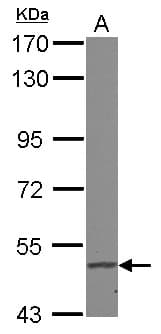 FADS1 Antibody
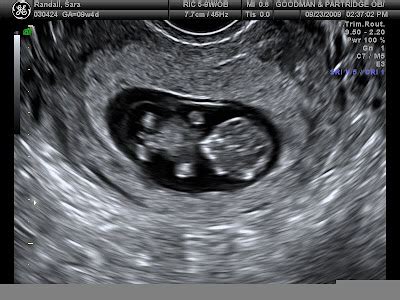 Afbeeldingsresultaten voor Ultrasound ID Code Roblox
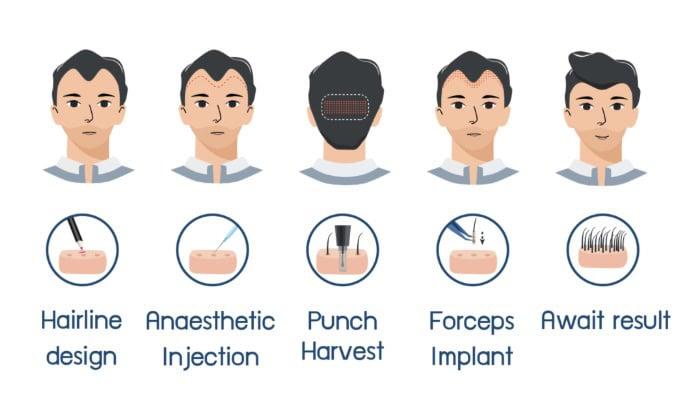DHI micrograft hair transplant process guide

--

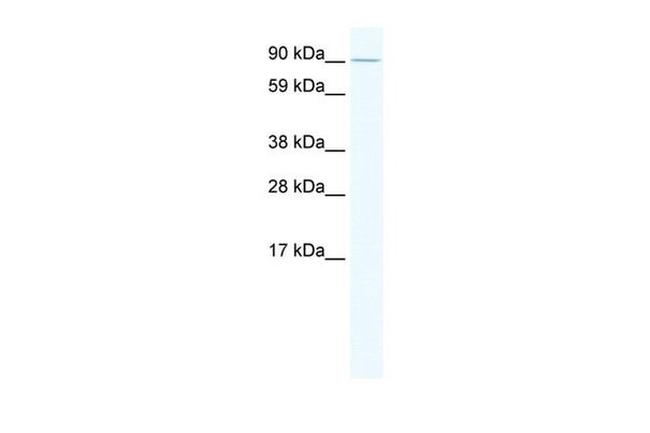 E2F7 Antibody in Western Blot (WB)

==

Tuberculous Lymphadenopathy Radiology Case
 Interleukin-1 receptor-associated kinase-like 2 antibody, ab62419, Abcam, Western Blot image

_Exercise details_: Reproduce the listing above from the line that holds "FADS1 Antibody" through the line that holds "DHI micrograft hair transplant process guide", both included, with the pictures left out.

_Reply to the exercise_:
 FADS1 Antibody
 Afbeeldingsresultaten voor Ultrasound ID Code Roblox
DHI micrograft hair transplant process guide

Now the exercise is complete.